Le CC énonce, dans sa décision n°2024-1105 QPC du 4 octobre 2024, que “les déclarations ou les réponses du fonctionnaire devant cette instance sont susceptibles d’être portées à la connaissance de l’autorité investie du pouvoir de sanction.” Ici, il s'agit du fonctionnaire et du code général de la fonction publique.

De fait, les dispositions de l'article L.532-4 du code général de la fonction publique, reprenant une partie de celles de l'article 19 de la loi n°83-634 du 13 juillet 1983 abrogée, ne contiennent aucune disposition sur le droit de se taire. 

Ce droit est contenu à l'article 9 de la Déclaration des droits de l'homme et du citoyen de 1789, aux termes duquel “Tout homme étant présumé innocent jusqu’à ce qu’il ait été déclaré coupable, s’il est jugé indispensable de l’arrêter, toute rigueur qui ne serait pas nécessaire pour s’assurer de sa personne doit être sévèrement réprimée par la loi”. 

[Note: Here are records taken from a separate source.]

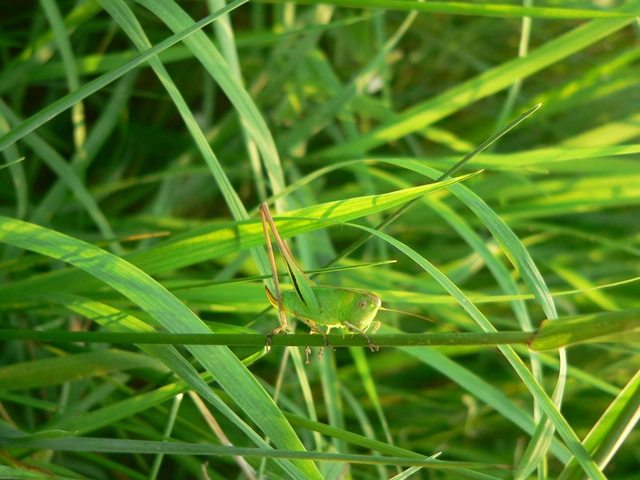 Bicolorana bicolor - halványzöld rétiszöcske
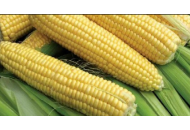Тактик - кукуруза, 80 000 семян, Евралис фото, цена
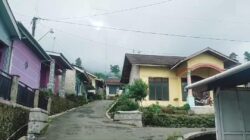 IMG-20241130-WA0027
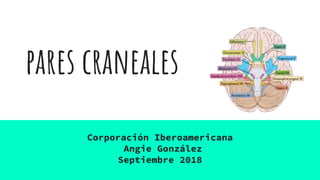 pares craneales
Corporación Iberoamericana
Angie González
Septiembre 2018
 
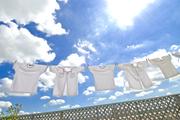 クリーニングの白洋舎 種池工場のアルバイト写真2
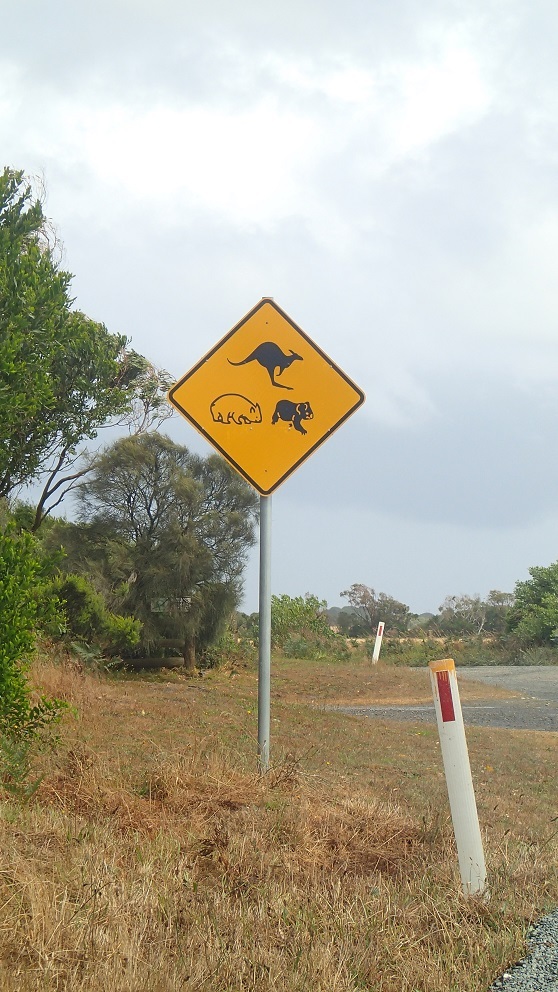 Australie : des animaux sur des panneaux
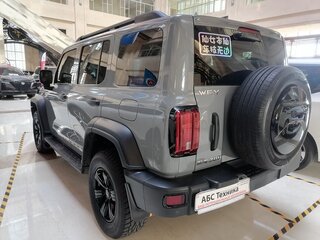 2021 Tank 300 I, серый, 2940000 рублей, вид 2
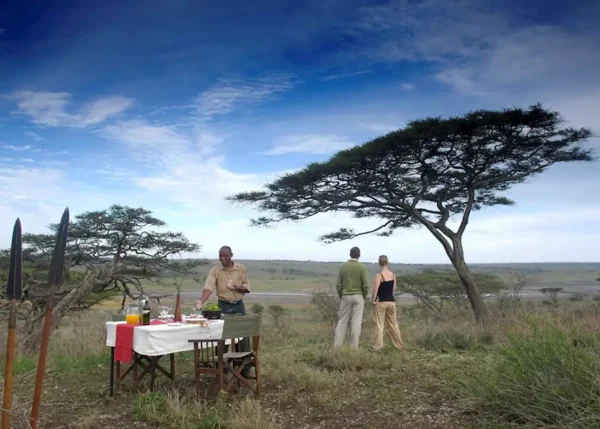 KIRURUMO TARANGIRE LODGE: Tarangire park - Image 2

15. Dès lors, en ne prévoyant pas que le fonctionnaire à l’encontre duquel une procédure disciplinaire est engagée doit être informé de son droit de se taire, les dispositions contestées méconnaissent les exigences de l’article 9 de la Déclaration de 1789. Par conséquent, et sans qu’il soit besoin de se prononcer sur les autres griefs, elles doivent être déclarées contraires à la Constitution.

 

Le Conseil constitutionnel relève cependant que “l’abrogation immédiate des dispositions déclarées inconstitutionnelles de l’article L. 532-4 du code général de la fonction publique aurait pour effet de supprimer l’obligation pour l’administration d’informer le fonctionnaire poursuivi disciplinairement de son droit à communication du dossier.” L'abrogation est reportée au 1er octobre 2025 mais, les dispositions étant inconstitutionnelles, “jusqu’à l’entrée en vigueur d’une nouvelle loi ou jusqu’à la date de l’abrogation de ces dispositions, le fonctionnaire à l’encontre duquel une procédure disciplinaire est engagée doit être informé de son droit de se taire devant le conseil de discipline.